Monday, November 2, 2009

Here Comes Everybody Chapter 1

I am somewhat troubled by the racial aspects of the missing phone anecdote.  Would the phone story have gotten as much attention online if the "villain" wasn't Latino?  Could Evan's actions be interpreted as those of an online vigilante?  Could the story be seen as an example of someone with more money and status, using their resources to beat up a person with less money and status?  The internet is not a level playing field.  It takes some disposable income to get online regularly.  When someone is the victim of a crime, they tend to want a severe penalty for the perpetrator, even if the crime was minor.  Was prompting online vitriol and people driving by the teenager's house an example of that?

A New York Times article does not really take the girl's side, but it does at least include comments from Sasha's mother.
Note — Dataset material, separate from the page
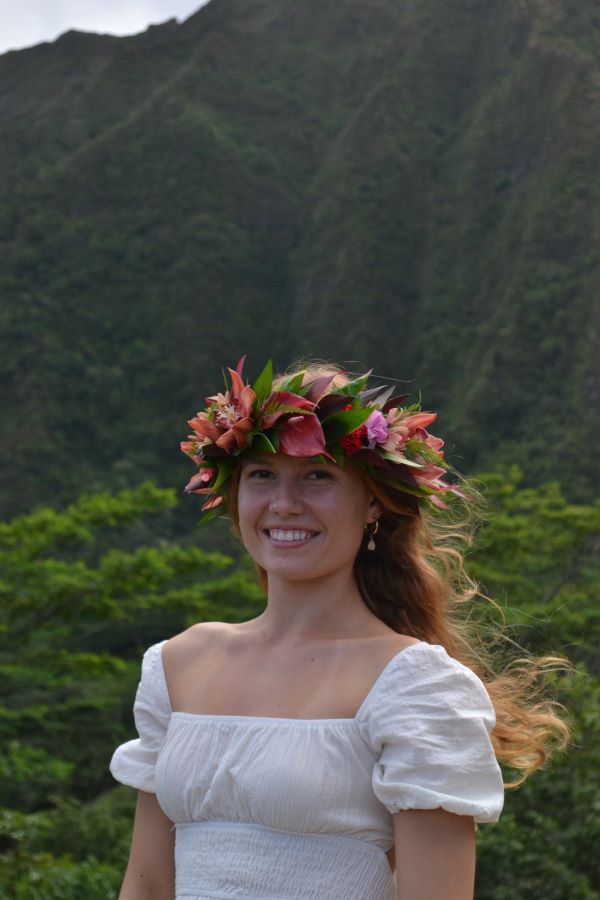 A study abroad student wearing a brightly-colored flower crown around their head and smiling at the camera in an outdoor setting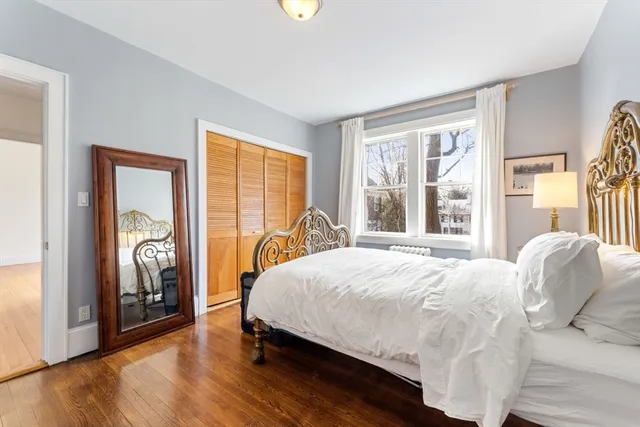 a bedroom with a bed and a large window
This part on Page 21, referring to social media, seems important:
By making it easier for groups to self-assemble and for individuals to contribute to group effort without requiring formal management (and its attendant overhead), these tools have radically altered the old limits on the size sophistication, and scope of unsupervised effort (the limits that created the institutional dilema in the first place).
...Therefore allowing things like Wikipedia, or the whole idea of wikis (pieces of text that can be edited by anyone), which is one of the two really new, paradigm changing ideas that we have discussed in this class.  (The other is Google's discovery of a new forum for advertising:  Acting as a go-between to bring together advertisers, and bloggers who individually will never have enough readers to support a sales person.)